The fate of the former president, however, has been controversial. Some segments of society have viewed the trial as a national humiliation, given the former president’s role as a symbol of the state. The SCAF appeared to hesitate to go forward with Mubarak’s prosecution considering his military background and longstanding ties to the current leaders of the military. The decision to proceed with the prosecution appeared to be a key victory of the protest movement.
Subsequent events eroded confidence in the integrity of the proceedings, however. The preexisting suspicions of the military’s intentions were revived by the apparently inconsistent testimony given by the head of the SCAF and longtime minister of defense, Field Marshall Mohammed Hussein Tantawi. In leaks of his alleged secret testimony before the court, Tantawi is reported to have denied receiving orders to shoot on protesters, stating “We were not ordered to open fire at citizens and we will never do that.” In earlier public comments in May 2011 at a police cadet graduation ceremony, Tantawi had intimated that the military had refused such orders, stating, somewhat cryptically “We don’t open fire on the people.” This sentiment was further memorialized in the SCAF’s Communiqué No. 52. This apparent reversal raises the possibility that the SCAF’s acquiescence to the prosecution was merely an attempt to dampen the continuing protest movement and blunt far-reaching calls for systematic reform.
More generally, inconsistencies have bedeviled the prosecutorial track and the selection of appropriate cases. With very few other ongoing prosecutions, new developments have taken on greater import. In July 2011, riots erupted in Suez when seven policemen accused of killing seventeen protesters were released on bail. Reports indicate that one hundred and forty police officers are in various stages of prosecution for their actions during the uprising.
Ominously, the SCAF’s tenure has produced its own set of abuses as political repression has increasingly come to typify the transitional period. The broad public has partly been shielded from these abuses due to continuing state propaganda efforts and outsized confidence in the armed forces. With the shocking and brazen attacks on largely Coptic Christian protesters on October 9, which resulted in at least twenty-seven deaths at the hands of military, police, and vigilante forces, public discussion at an elite level has shifted, and calls for accountability among a small segment of society have now begun to encompass the transitional period. All told, the situation lacks clarity as to the intent, progress, or scope of current investigations.
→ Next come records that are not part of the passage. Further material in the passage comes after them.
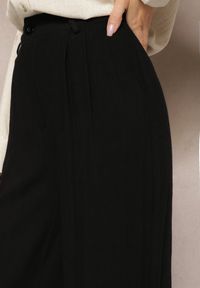 Renee - Czarne Szerokie Spodnie High Waist z Lnu i Wiskozy Apoises. Okazja: na co dzień. Stan: podwyższony. Kolor: czarny. Materiał: wiskoza, len. Długość: długie. Sezon: lato. Styl: casual, elegancki #5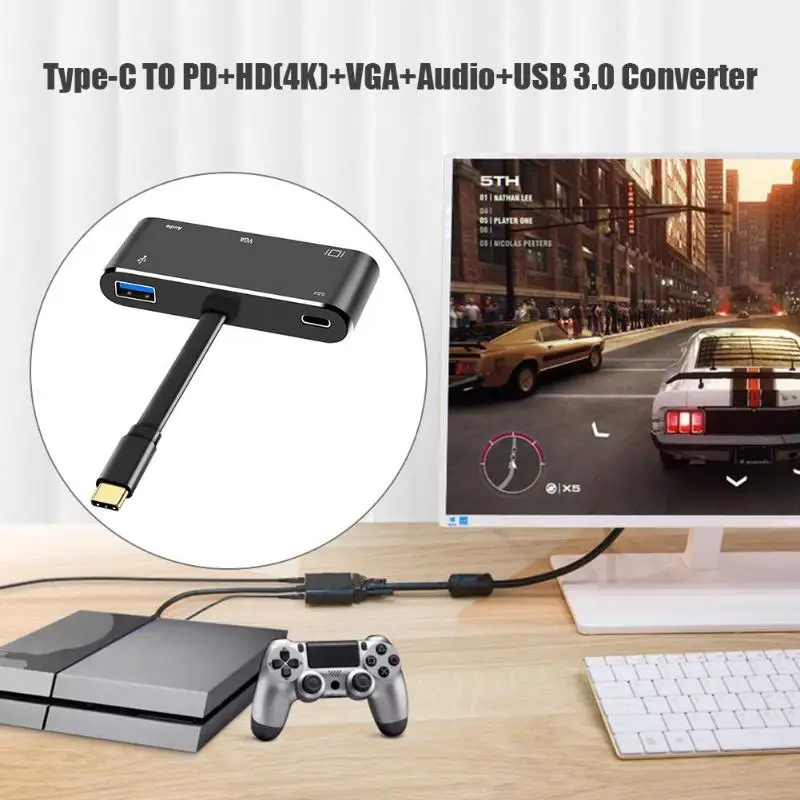 Alloet 5 в 1 USB концентратор TYPE-C до 4 к HDMI VGA 3,5 мм разъем аудио USB3.0 PD конвертер адаптер USB3.0 к HDMI VGA разъем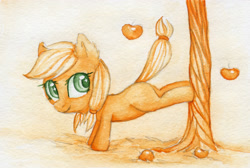 Size: 3349x2248 | Tagged: safe, artist:0okami-0ni, applejack, earth pony, pony, female, filly, solo, traditional art, tree, tree bucking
In addition to prosecutions, the transitional government established a commission of inquiry in order to investigate the repression and violence employed by the former regime during the January 25 uprising. The fact-finding commission concluded that at least 825 protesters were killed and over six thousand injured during the uprising and that the police forces were responsible for many of those deaths. Among the commission’s key findings was the use of snipers by the Ministry of the Interior. As opposed to injuries and deaths resulting from clashes between protesters and security forces, the use of snipers is unambiguously indicative of premeditated plans to kill and injure protesters. As such, this issue continues to prove contentious, with Ministry of the Interior officials denying the use of snipers during the eighteen-day uprising and, in some statements, denying that the ministry employed snipers at all. The commission also implicated NDP figures with orchestrating violence against protesters, including the February 2 attack on Tahrir Square when armed thugs descended on protesters on camel and horseback. In addition to its limited scope, the work of the commission has not been highlighted by the transitional government or accompanied by public outreach, undermining the usefulness of the exercise and its impact.
The SCAF also established a compensation fund for victims of state repression during the uprising. The fund began disbursements during the month of Ramadan, with payments of thirty thousand Egyptian pounds ($5,000) for the families of those killed, fifteen thousand pounds ($2,500) for disabled protesters, and five thousand pounds ($833) for all others injured.
With respect to broader examinations of the former regime’s repressive past, prosecutorial efforts have been limited, exposing a clear gap in the current approach to accountability. In this regard, the case of Khaled Said, the Alexandrian whose June 2010 death as a result of torture helped galvanize the protest movement, was perhaps the only current instance of a criminal justice process looking beyond the eighteen-day uprising at the repressive legacy of the former regime. While rumors circulated as to the former interior minister’s complicity in an Alexandria church bombing in January 2011, no evidence has been presented to buttress these allegations.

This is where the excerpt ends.